Babka piaskowa means “sand cake” and the name is perfect. The texture is fine, dense, and slightly crumbly — like a very good pound cake crossed with a butter cake, but with the specific crumb that comes from potato starch in the mix. That starch is the secret. It absorbs moisture from the butter and eggs and redistributes it through the crumb in a way that produces extraordinary tenderness without any wetness. Each slice breaks clean. The crumb is tight and velvety.

My babcia made both baba wielkanocna and babka piaskowa for Easter. She knew that baba was for the święconka basket and for glory, and babka piaskowa was for eating. She was right. Babka piaskowa is the one the family actually finishes.

Why This Babka Piaskowa Works

The combination of potato starch and flour is the defining technical feature of babka piaskowa. Potato starch creates a more tender, finer crumb than flour alone because the starch granules are smaller and absorb fat differently from wheat starch. The result is a crumb that almost melts in the mouth — dense but not heavy, fine but not dry.

Creaming the butter and sugar thoroughly — minimum 8 minutes — incorporates enough air to give the cake lift without relying on yeast. This is the technique that separates a pale, compact babka from a golden, slightly springy one. The air beaten into the butter-sugar mixture is the leavening, not the baking powder (which is there only as backup). Do not rush the creaming.

Ingredients

For Babka Piaskowa (one large Bundt cake, serves 12)
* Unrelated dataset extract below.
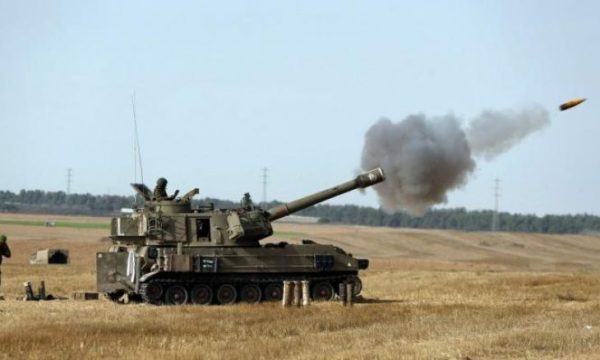 قوات العدو الإسرائيلي تطلق قذائف في جنوبي سوريا ضمن مناورات داخل الجولان المحتل قوات العدو الإسرائيلي تطلق قذائف في جنوبي سوريا ضمن مناورات داخل الجولان المحتل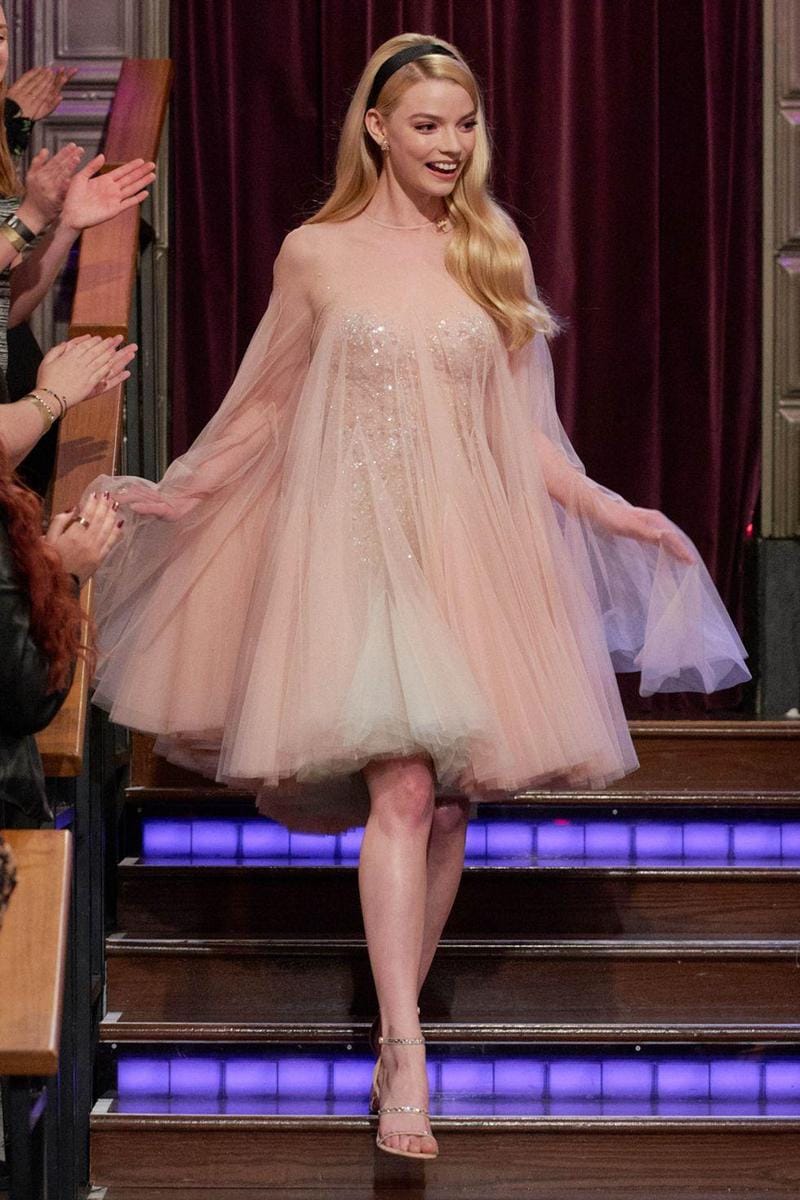 harpersbazaar.com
  • 200g (1.75 cups) plain flour
  • 150g (1.25 cups) potato starch (ziemniaczana mączka)
  • 250g (1 cup + 2 tbsp) unsalted butter, at room temperature
  • 250g (1.25 cups) caster sugar
  • 5 large eggs, at room temperature
  • 2 tsp baking powder
  • 1 tsp vanilla extract
  • Zest of 1 lemon
  • Pinch of salt

For Finishing

  • Powdered sugar for dusting
  • OR lemon glaze: 150g powdered sugar mixed with 2–3 tbsp lemon juice

How to Make It

1

1Prepare the Tin and Oven

Preheat the oven to 170°C / 340°F. Butter a Bundt or fluted ring tin generously, getting into every groove. Dust with flour, tap out the excess. This cake has a beautiful exterior if properly unmolded. A poorly greased tin means a cake that sticks, which is a waste of good babka.

2

2Cream Butter and Sugar

Beat the room-temperature butter and caster sugar in a stand mixer on high speed for 8–10 minutes until the mixture is very pale, almost white, and fluffy. This is longer than most recipes suggest, but it is where the cake’s texture begins. Scrape the bowl down twice during this time. The mixture should look like whipped cream — light and cloud-like.

3

3Add Eggs One at a Time

With the mixer on medium, add the eggs one at a time, beating for 30 seconds after each addition. Add the vanilla and lemon zest. If the mixture curdles slightly (which can happen in cold kitchens), add a tablespoon of the flour and continue mixing — it will come back together.

4

4Fold in Dry Ingredients

Sift together the flour, potato starch, baking powder, and salt. Fold into the butter mixture in three additions using a spatula — do not use the electric mixer for this step. Folding rather than beating preserves the air you spent 10 minutes incorporating. The batter will be thick and smooth.

5

5Bake and Unmold

Spoon the batter into the prepared tin and smooth the top. Bake for 45–55 minutes until a skewer inserted in the center comes out clean and the cake is pulling away from the edges. Cool in the tin for 15 minutes, then invert onto a wire rack. Cool completely before dusting with powdered sugar or pouring over a lemon glaze. Slicing a warm babka piaskowa crumbles the edges — it needs to be cold.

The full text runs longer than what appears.